Recently, a colleague asked me a question about a PostgreSQL construction for which they found that it would silently ignore part of SQL, and whether it's truly doing that.
This is a mini setup that shows the issue:
create table test( id int primary key, f1 text );
insert into test select id, chr(ascii('a')+id) from generate_series(25,0,-1) id;;
This creates a table 'test' with two fields, and fills the fields with a number and a character from 'z' to 'a'.
If I execute the following SQL:
select * from test order by f1 limit 1;
I get:
postgres=# select * from test order by f1 limit 1;
id | f1
----+----
0 | a
(1 row)
Here's the issue:
prepare prep(text, int) as select * from test order by $1 limit $2;
And then execute the prepared statement:
postgres=# execute prep('f1',1);
id | f1
----+----
25 | z
(1 row)
These are two different results for seemingly the same statement. I actually didn't need to do anything, they also found the issue:
For the statement, the execution plan is:
postgres=# explain select * from test order by f1 limit 1;
QUERY PLAN
-----------------------------------------------------------------
Limit (cost=1.39..1.39 rows=1 width=6)
-> Sort (cost=1.39..1.46 rows=26 width=6)
Sort Key: f1
-> Seq Scan on test (cost=0.00..1.26 rows=26 width=6)
(4 rows)
- The select performs an unfiltered scan of a field for which is no index, and thus it performs a seq scan.
- Because the seq scan does not hold ordering guarantees that an ascending or descending index can, it has to perform a sort for the order by.
- The limit rowsource then takes one value because of limit 1.

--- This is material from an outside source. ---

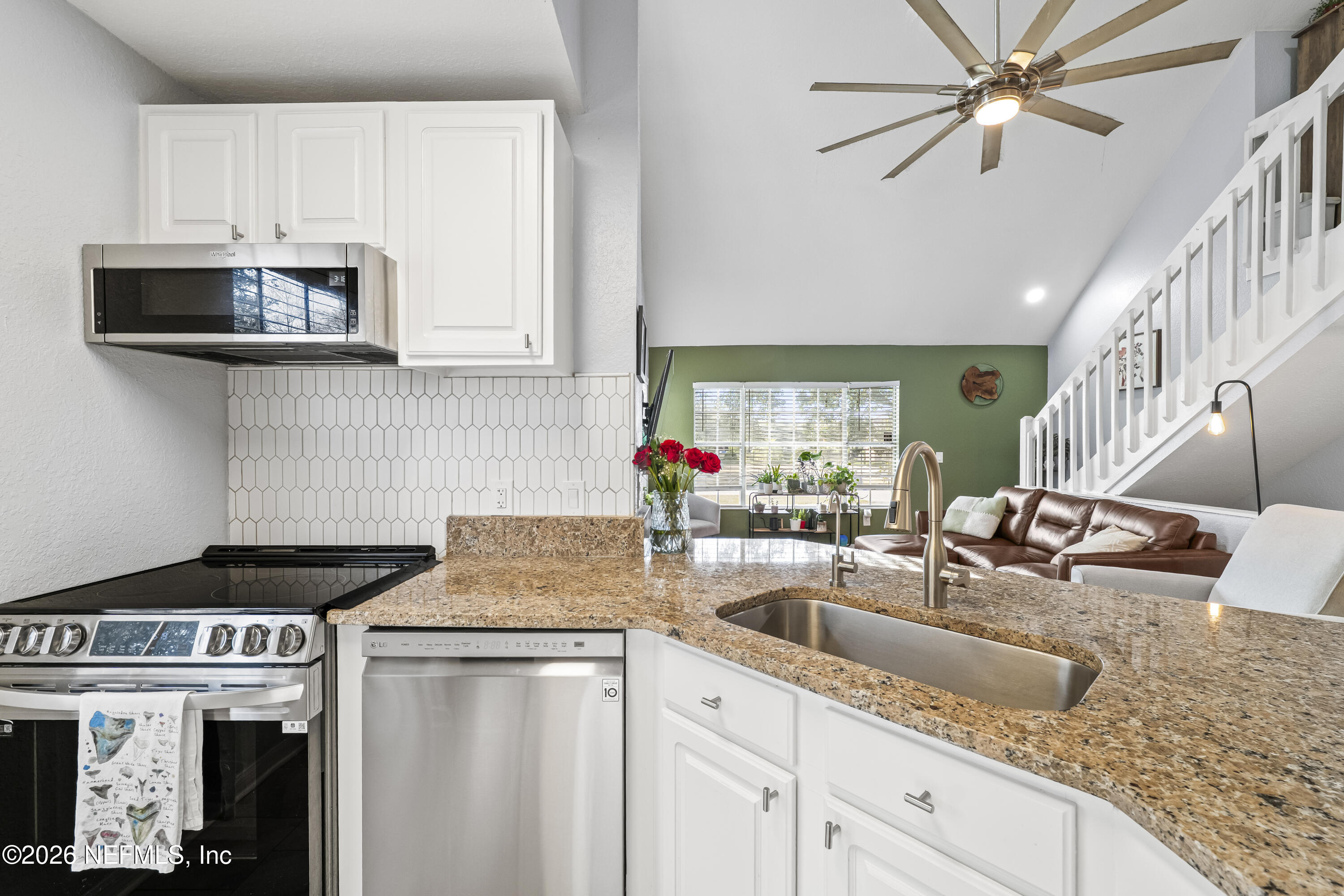 13700 RICHMOND PARK Drive N 1306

For the prepared statement the execution plan is:
postgres=# explain execute prep('f1',1);
QUERY PLAN
------------------------------------------------------------
Limit (cost=0.00..0.15 rows=3 width=38)
-> Seq Scan on test (cost=0.00..1.26 rows=26 width=38)
(2 rows)
- The select performs an unfiltered scan of a field for which there is no index, and thus it performs a seq scan.
- Limit does take the first value.
- The sort step is missing, and thus the first value that it found from the seq scan is shown, which is 'z', but could be anything, because the seq scan does not guarantee ordering.
I also found some sources on the internet explaining that this is because of the bind parameters, probably the best one being from the PostgreSQL mail list: https://www.postgresql.org/message-id/1421875206968-5834948.post@n5.nabble.com
The essence of that explanation is that for the order by the parameter is used as an identifier, whilst parameters are values, and that therefore this doesn't work. However, what I am puzzled about is why this succeeds in creating a prepared statement, and why it all works, but silently skips the order by.
I hope to hear any opinions or reasons for ignoring it, or from things missing from this small investigation.